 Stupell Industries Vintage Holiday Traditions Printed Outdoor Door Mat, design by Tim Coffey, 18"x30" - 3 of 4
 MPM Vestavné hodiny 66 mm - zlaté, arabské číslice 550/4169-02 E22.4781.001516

....

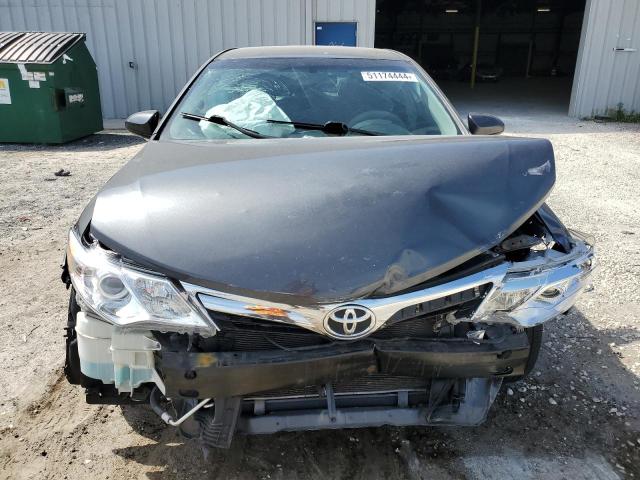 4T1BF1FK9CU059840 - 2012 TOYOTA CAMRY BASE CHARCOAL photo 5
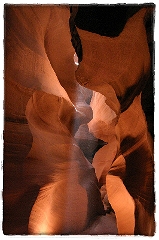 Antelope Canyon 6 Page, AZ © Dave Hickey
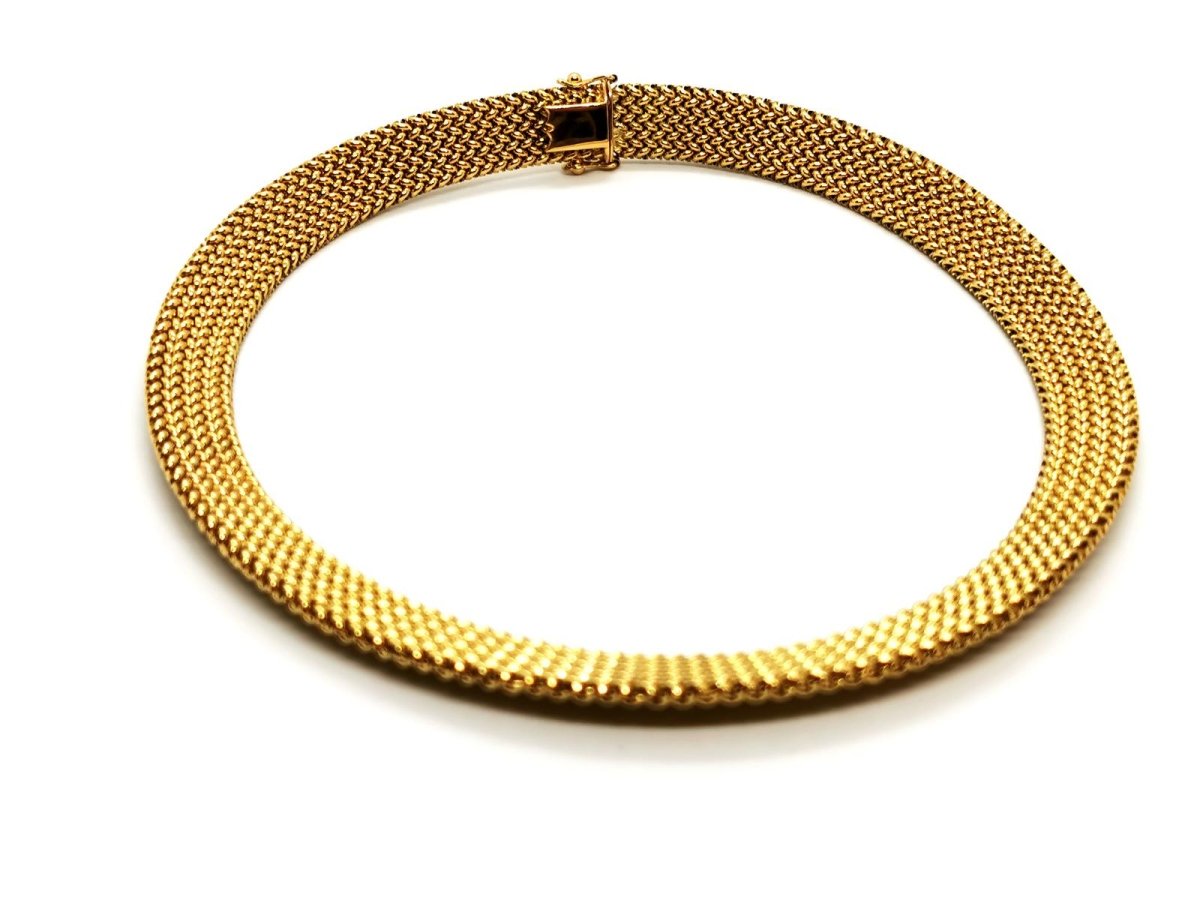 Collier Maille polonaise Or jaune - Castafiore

....

Directions: Reproduce only the lines above, starting at the line with "Stupell Industries Vintage" and ending at the line with "MPM Vestavné hodiny", exactly as written.

Your response:
 Stupell Industries Vintage Holiday Traditions Printed Outdoor Door Mat, design by Tim Coffey, 18"x30" - 3 of 4
 MPM Vestavné hodiny 66 mm - zlaté, arabské číslice 550/4169-02 E22.4781.001516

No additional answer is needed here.